America is totally alone on this. And more than most Americans might realize, America is being blamed for Israel's actions. The shift in Arab public discourse over the last week has been palpable. For the first few days, [there was a] split between the Saudi media and the "al-Jazeera public" which I wrote about at the time. Then for a few days, horror at the humanitarian situation, fury with the Arab states for their impotence, speculation about the endgame, and full-throated condemnation of Israeli aggression. But for the last few days, the main trend has been unmistakable: an increasing focus on the United States as the villain of the piece. (That the Israeli bombing of Beirut stopped just long enough for Condoleezza Rice's photo op certainly didn't help.)


I would be remiss not to link to Eric Martin (again via Kevin Drum) on what this loss of credibility on Iraq-and now Lebanon-is costing us:

The momentum has now shifted in the other direction, with frightening results. Iran is emboldened in a way not seen in decades. Suffice to say, the US won't be receiving any plaintive letters from Iran offering a generous dowry of compromises in the near future. Quite the opposite: Iran is thumbing their nose at the US, rejecting repeated offers of carrots in exchange for halting certain nuclear activities and scoffing at blustery threats about military intervention. Teheran is fearless.

They are free to act in Iraq, and free to attempt to manipulate events in the Levant. Their ascendancy has been so sweeping that certain Arab governments in the region (Saudi Arabia, Egypt, Jordan) even flirted with taking the Israeli side in its conflict with Hizbollah - that is, until popular sentiment in those countries forced an about-face.


I will argue this point with any conservative until I am blue in the face. The Bush administration has assumed that allowing Israel to bomb haphazardly all over Lebanon in failing effort to destroy Hezbollah is somehow in our interest. It is not. Securing our credibility in the Middle East, credibility we have squandered in Iraq, credibility we need to have sway over Iran and Syria, is in our interest.

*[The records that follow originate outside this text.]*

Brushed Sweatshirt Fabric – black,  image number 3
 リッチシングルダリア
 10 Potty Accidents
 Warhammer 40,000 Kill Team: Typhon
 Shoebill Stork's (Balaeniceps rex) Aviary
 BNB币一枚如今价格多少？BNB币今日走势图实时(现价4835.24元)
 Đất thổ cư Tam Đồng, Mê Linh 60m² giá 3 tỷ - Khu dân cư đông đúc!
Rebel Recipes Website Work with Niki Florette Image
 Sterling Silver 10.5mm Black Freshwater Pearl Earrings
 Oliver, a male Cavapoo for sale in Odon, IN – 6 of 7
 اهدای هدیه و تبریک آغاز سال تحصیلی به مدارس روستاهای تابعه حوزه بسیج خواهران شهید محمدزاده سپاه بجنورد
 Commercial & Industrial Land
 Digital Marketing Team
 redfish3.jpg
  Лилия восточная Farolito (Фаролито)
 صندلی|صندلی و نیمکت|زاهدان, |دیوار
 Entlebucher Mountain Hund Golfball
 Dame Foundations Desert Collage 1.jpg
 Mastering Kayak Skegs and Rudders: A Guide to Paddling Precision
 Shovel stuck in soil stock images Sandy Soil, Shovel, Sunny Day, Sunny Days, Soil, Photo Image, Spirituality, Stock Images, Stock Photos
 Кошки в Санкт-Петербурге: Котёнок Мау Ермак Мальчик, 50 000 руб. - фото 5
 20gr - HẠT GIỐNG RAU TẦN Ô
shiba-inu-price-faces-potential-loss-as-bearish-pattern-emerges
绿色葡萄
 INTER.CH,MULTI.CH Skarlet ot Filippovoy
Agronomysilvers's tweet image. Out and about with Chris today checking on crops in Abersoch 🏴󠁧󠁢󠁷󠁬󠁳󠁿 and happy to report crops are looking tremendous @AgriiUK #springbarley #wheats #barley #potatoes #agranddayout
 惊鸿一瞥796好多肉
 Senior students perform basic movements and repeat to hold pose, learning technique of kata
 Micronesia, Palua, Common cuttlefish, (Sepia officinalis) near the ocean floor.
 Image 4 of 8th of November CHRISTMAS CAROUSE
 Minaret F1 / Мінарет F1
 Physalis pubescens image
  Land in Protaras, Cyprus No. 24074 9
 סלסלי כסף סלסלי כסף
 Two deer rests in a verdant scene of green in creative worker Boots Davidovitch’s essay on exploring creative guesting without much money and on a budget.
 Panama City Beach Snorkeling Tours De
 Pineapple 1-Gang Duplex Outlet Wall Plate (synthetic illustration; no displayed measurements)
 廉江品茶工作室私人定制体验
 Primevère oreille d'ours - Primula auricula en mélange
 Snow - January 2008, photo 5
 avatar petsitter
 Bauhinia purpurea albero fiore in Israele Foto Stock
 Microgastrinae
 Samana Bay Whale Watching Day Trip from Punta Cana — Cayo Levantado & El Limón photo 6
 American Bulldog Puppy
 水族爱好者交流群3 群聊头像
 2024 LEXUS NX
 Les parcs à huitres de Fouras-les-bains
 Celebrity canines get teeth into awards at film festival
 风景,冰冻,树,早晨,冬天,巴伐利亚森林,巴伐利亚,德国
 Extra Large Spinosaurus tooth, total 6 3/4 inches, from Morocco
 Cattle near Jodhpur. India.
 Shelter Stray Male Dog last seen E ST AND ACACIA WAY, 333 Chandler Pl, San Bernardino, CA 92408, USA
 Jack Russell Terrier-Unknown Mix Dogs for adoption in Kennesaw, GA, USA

By fully siding with Israel in this conflict, by being the only major power to oppose an immediate cease-fire, by green-lighting the continued bombing of civilians and non-combatants, by speeding up our delivery of weapons to Israel, we have made it clear to the Arab world that our priority is and always will be the destruction of remote and inconsequential threats by military means no matter how many civilians it kills (see Iraq) and that we reject legitimate diplomacy with other powers whenever any single aspect of such diplomacy does not favor us. This is the supposed Bush doctrine, this support for democracy the world over presented to us in countless speeches, that has led to a situation in which Israel slowly destroys one of the few functional democracies in the Middle East...with our approval, because what the Bush administration truly believes in is the mis-guided, childish and simple-minded idea that terrorists (a.k.a. "evil-doers") can only ever be dealt with by using overwhelming military force, however great the threat is or isn't, whatever the consequences are to people caught in between the terrorists and ours or Israeli bombs. Such an approach is short-sighted, foolish and counter-productive, but given that the current occupants of the White House are not given to self-examination, don't expect it to change anytime before January 2009.

3 comments:

Eric Martin said...

I would be remiss not to link to Mark Klein (again via Kevin Drum) on what this loss of credibility on Iraq-and now Lebanon-is costing us...

Thanks for the link, but I'm actually Eric Martin, not Mark Klein. But we do look an awful lot alike ;)

Alexander Wolfe said...

Ha. That's what I get for blogging and trying to read multiple articles all at the same time.

Eric Martin said...

Blogging, by nature, is multi-tasking. No harm, no foul.